═════ DATA SUPPLIED ═════
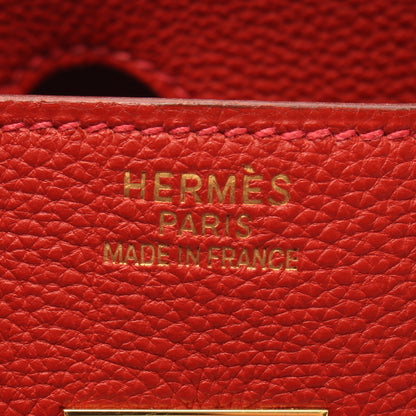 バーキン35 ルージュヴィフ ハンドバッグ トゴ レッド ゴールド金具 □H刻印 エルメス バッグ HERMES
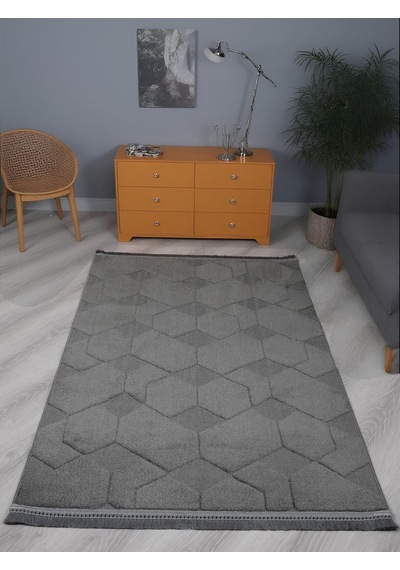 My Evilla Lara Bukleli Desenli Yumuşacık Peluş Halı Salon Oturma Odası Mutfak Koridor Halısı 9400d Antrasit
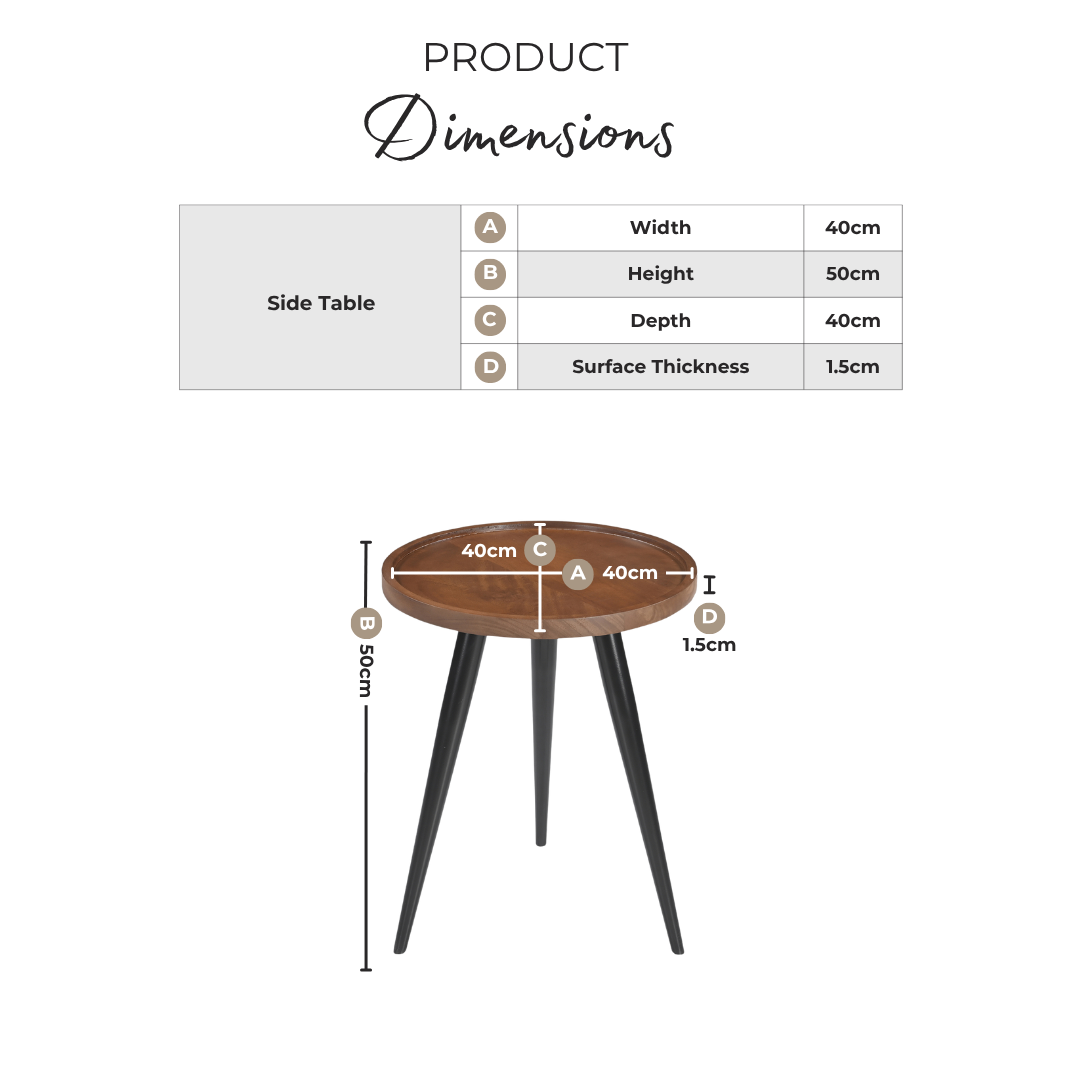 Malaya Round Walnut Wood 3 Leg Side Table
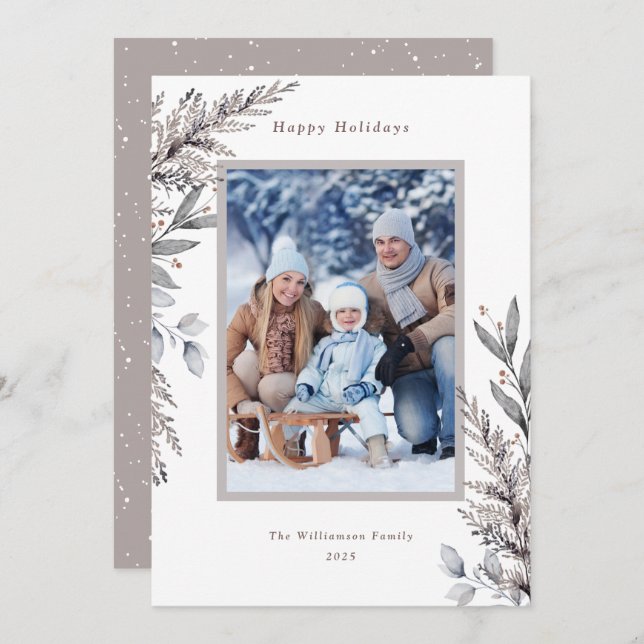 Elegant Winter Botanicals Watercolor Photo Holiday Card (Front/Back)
═════
═════ DATA SUPPLIED ═════
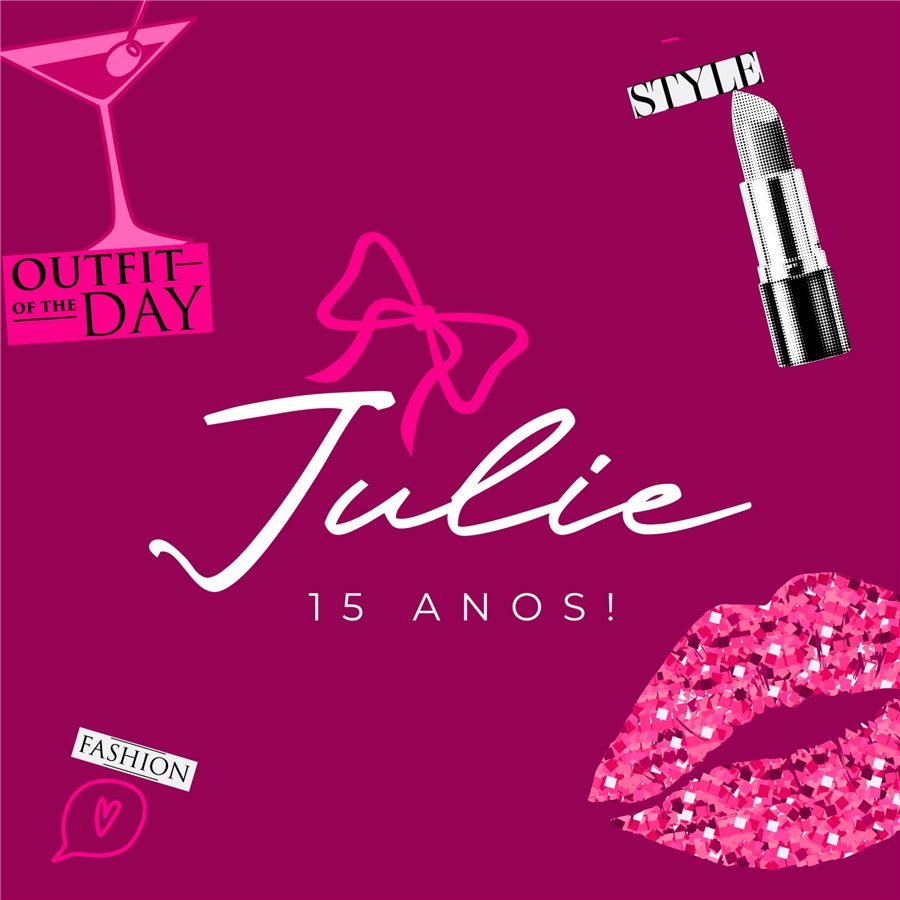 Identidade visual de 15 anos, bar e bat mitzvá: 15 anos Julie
═════
═════ DATA SUPPLIED ═════
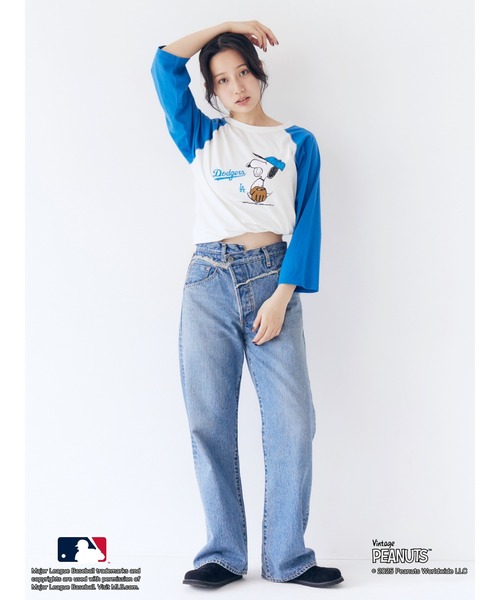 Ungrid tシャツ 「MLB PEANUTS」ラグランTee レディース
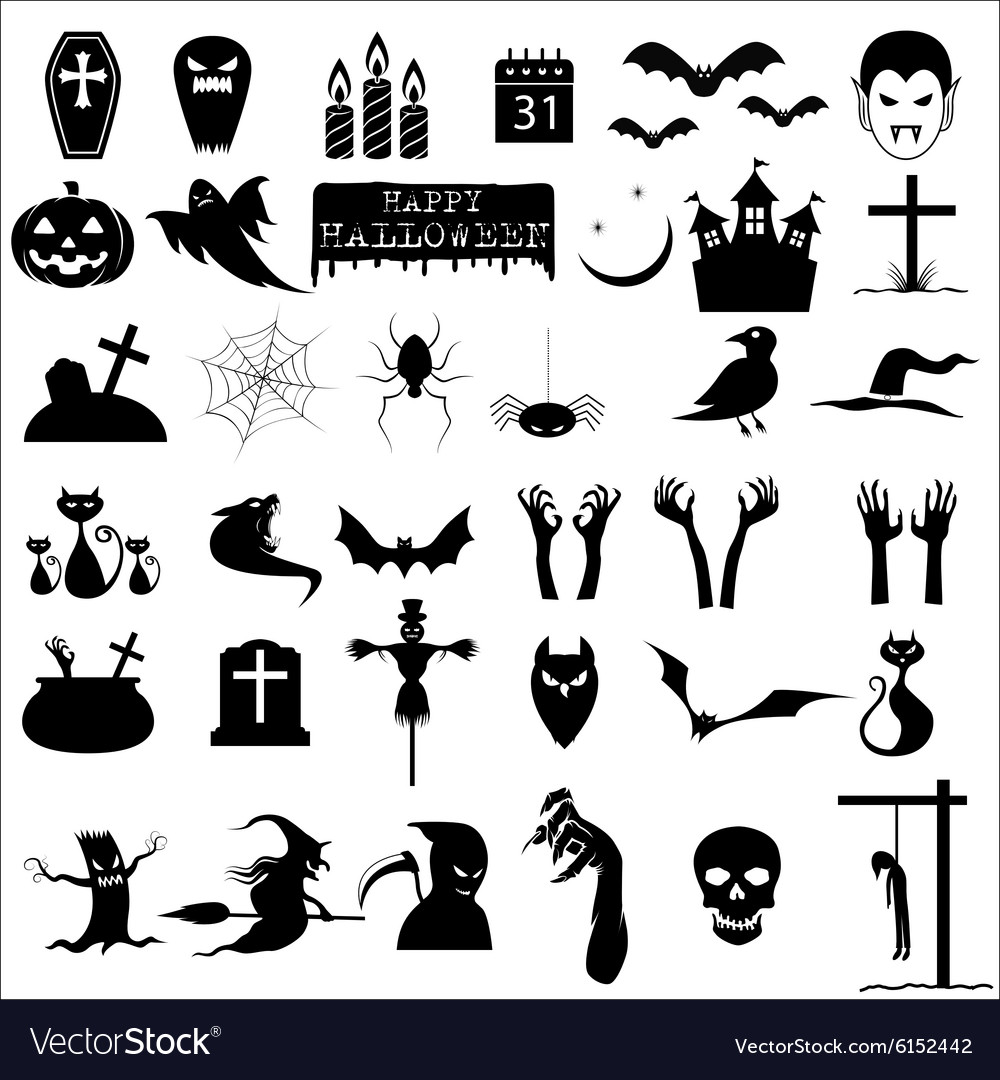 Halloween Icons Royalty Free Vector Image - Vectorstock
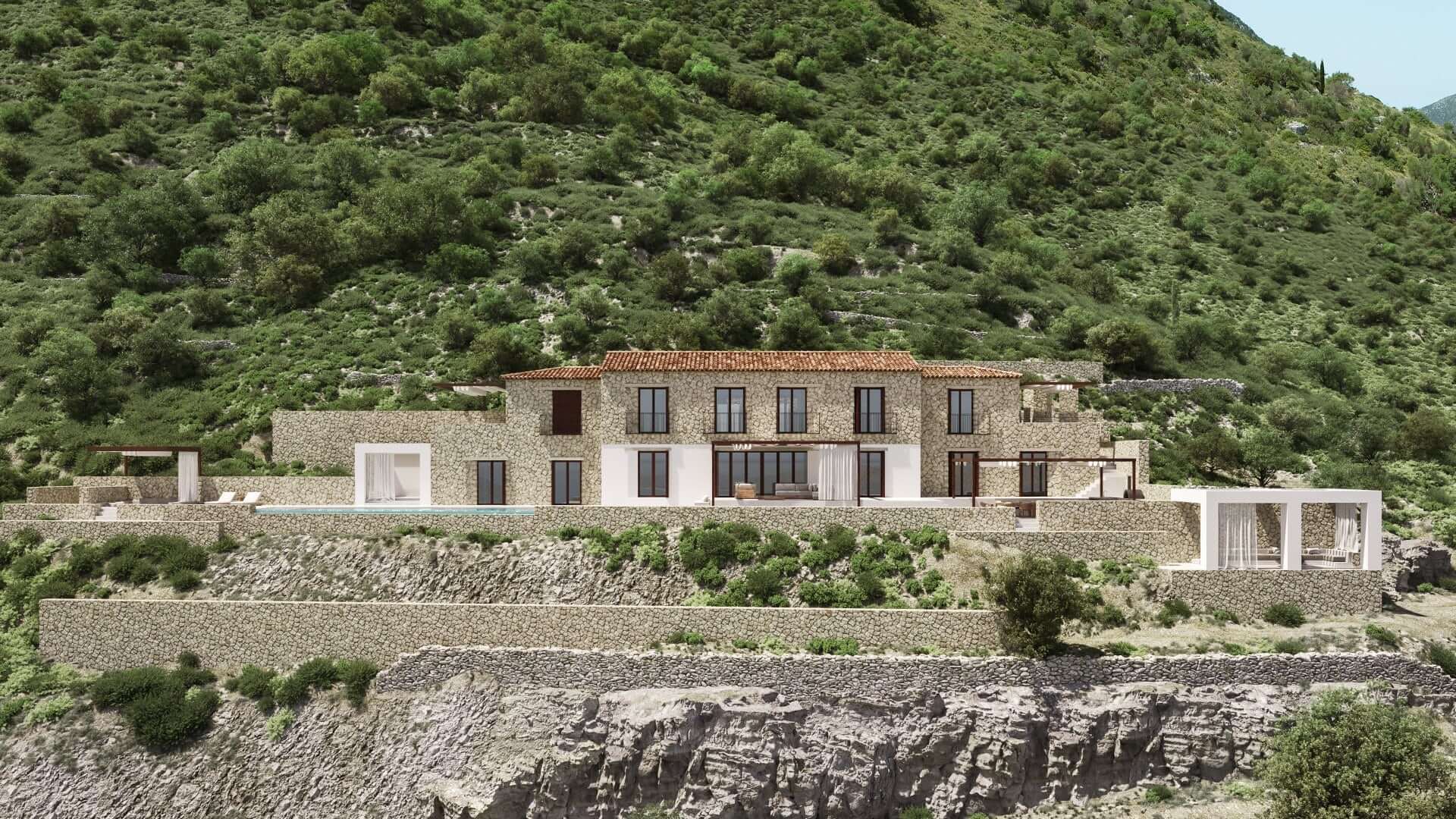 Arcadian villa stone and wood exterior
═════
## AIM OF THE EXERCISE:
Reproduce exactly, with no pictures, the lines above from the one holding "My Evilla Lara" to the one holding "Elegant Winter Botanicals", inclusive.

## ANSWER TO THIS PROBLEM:
 My Evilla Lara Bukleli Desenli Yumuşacık Peluş Halı Salon Oturma Odası Mutfak Koridor Halısı 9400d Antrasit
 Malaya Round Walnut Wood 3 Leg Side Table
 Elegant Winter Botanicals Watercolor Photo Holiday Card (Front/Back)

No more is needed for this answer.